MPs Pass Motion Declaring China’s Uyghur Persecution a Genocide

MPs Pass Motion Declaring China’s Uyghur Persecution a Genocide
Conservative MP Michael Chong rises during question period in the House of Commons on Oct. 5, 2018. Justin Tang/The Canadian Press
Isaac Teo
Updated:
Most MPs have voted in favour of declaring Beijing’s oppression of Uyghurs and other Turkic Muslims in China a genocide.
In the House of Commons on Monday, a majority of MPs voted in favour of the motion, which was tabled last week by the Conservatives to officially recognize that the Chinese Communist Party’s campaign against Uyghurs and other Muslim minorities constitutes a genocide.
In a 266-0 vote, the Tories garnered the support of the Bloc Quebecois, the NDP, the Green Party, and non-cabinet Liberal MPs to press the federal government to label the CCP’s treatment of the Uyghurs a genocide.
Most MPs (229-29) also voted in favour of an amendment to the motion introduced by the Bloc Quebecois calling on the International Olympic Committee to move the 2022 Olympics out of China if the genocide continues when the motion is passed.
Prime Minister Justin Trudeau and his cabinet did not show up except for Foreign Affairs Minister Marc Garneau, who voted on behalf of the cabinet to abstain from voting on the motion.
Conservative Foreign Affairs Critic Michael Chong, who submitted the non-binding motion to the House on Feb. 18, said the passing of the motion will send an unequivocal message to the CCP that Canada will not stay silent on the atrocities the regime has committed. 

“We can no longer ignore this,” Chong said earlier Monday when calling on Liberal MPs to support the motion. “We must call it for what it is: a genocide.”

In an interview on CTV’s Question Period on Feb. 21, Chong said the Conservative Party is ready to support economic sanctions against China.
“Everything needs to be on the table—trade, Magnitsky sanctions, economic sanctions,” he said.
Chong added that the calls for the federal government to relocate the 2022 Winter Olympics “should be all part of a reset of the Canada-China relationship. A new framework is needed to bring forward that new reset.”
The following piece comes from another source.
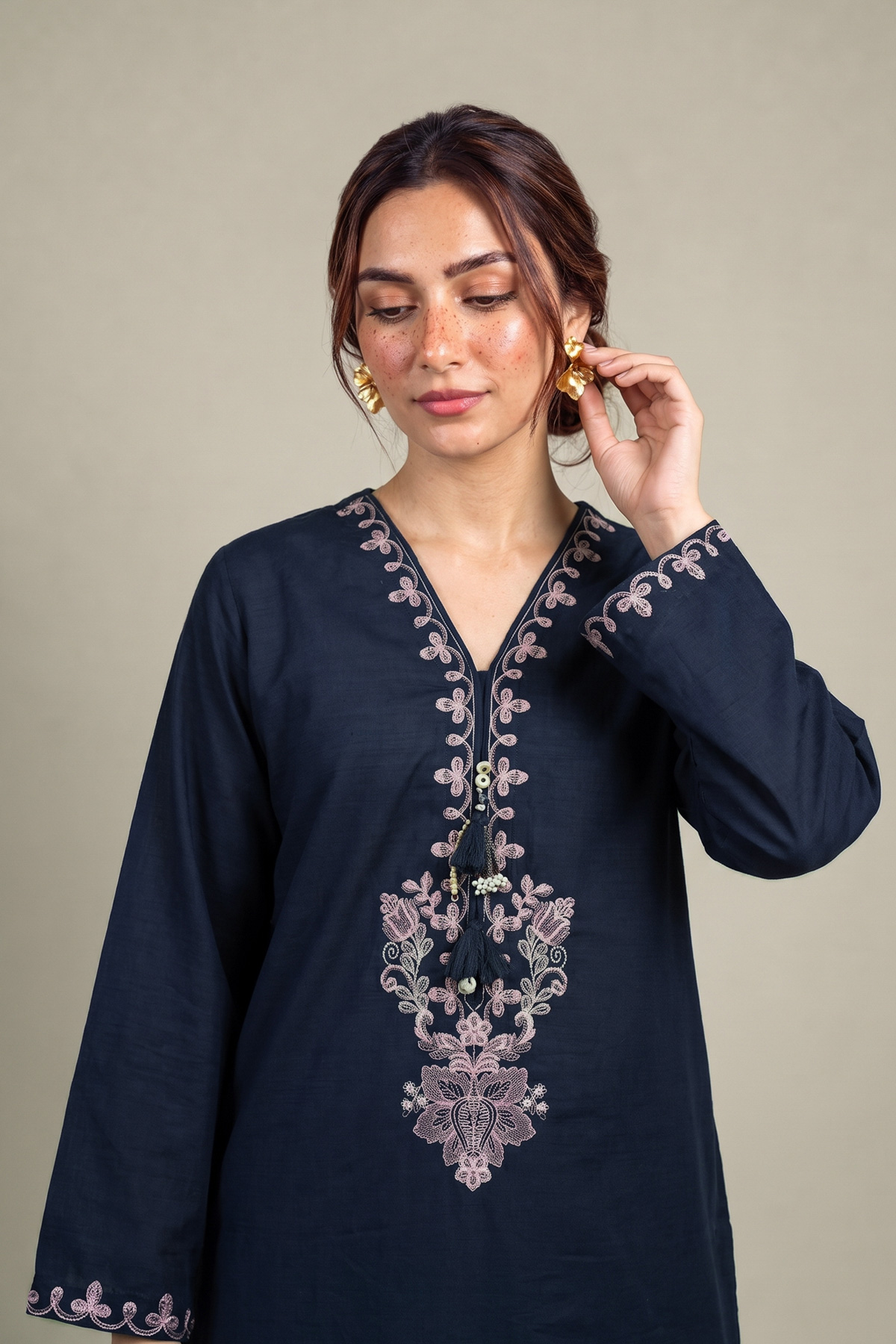 Embroidered Light Khaddar Fabrics 2 Piece | Top and Bottom - 1-26-457-A-C2-VG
Liberal MP Robert Oliphant rises during Question Period in the House of Commons in Ottawa on May 7, 2019. (Adrian Wyld/The Canadian Press)
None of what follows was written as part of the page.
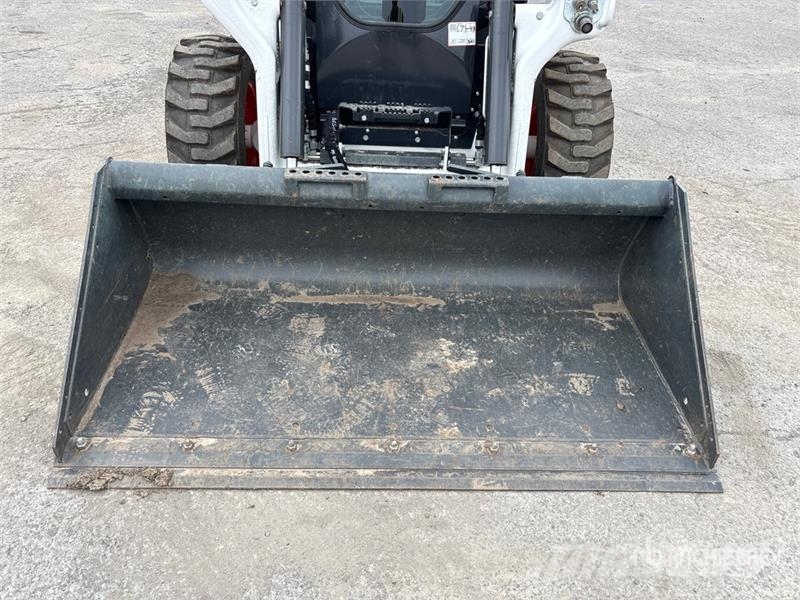 Bobcat S64 Two-Speed Skid Steer Loader Skid steer loaders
Liberal MP Robert Oliphant rises during Question Period in the House of Commons in Ottawa on May 7, 2019. Adrian Wyld/The Canadian Press
Parliamentary Secretary to the Minister of Foreign Affairs Robert Oliphant, who appeared on CTV’s Question Period with Chong, said the Liberals “will continue to find a way to make sure that we are doing this courageously, but also carefully.”
“We are watching it closely. We’re also doing it with our partners around the world. We believe that genocide is an extremely strong statement,” Oliphant said.
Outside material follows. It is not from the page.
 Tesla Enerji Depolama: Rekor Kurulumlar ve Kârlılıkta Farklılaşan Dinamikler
“We don’t need to be the only leader in this. We need to work in concert with countries around the world, with like-minded countries, to be effective,” he said, adding that “sanctions like that have hurt the wrong people at the wrong times.”
He maintained that the position the federal government takes is “about helping Uyghur people.”
“That’s simply not true,” Chong rebutted. “In order to trigger the protection of some 12 million Uyghurs in China, we need to recognize this as a genocide.”
“The 1948 Genocide Convention is clear that states have an obligation to prevent genocide and to punish perpetrators of genocide. But if you’re not willing to call it for what it is—a genocide—then you’re not obligated to do either one of those things.”
Oliphant’s position echoed that of Trudeau and Garneau, who have repeatedly stressed a multilateral approach and been hesitant to label Beijing’s crimes against the Uyghur muslims a genocide.
NDP Foreign Affairs Critic Jack Harris, who voted in favour of the motion, urged Parliament last week not to turn a blind eye to the genocide.
“We must call it for what it is... there must be no impunity for this type of behaviour. By not acting, we endanger the future of mankind,” Harris tweeted on Feb. 18.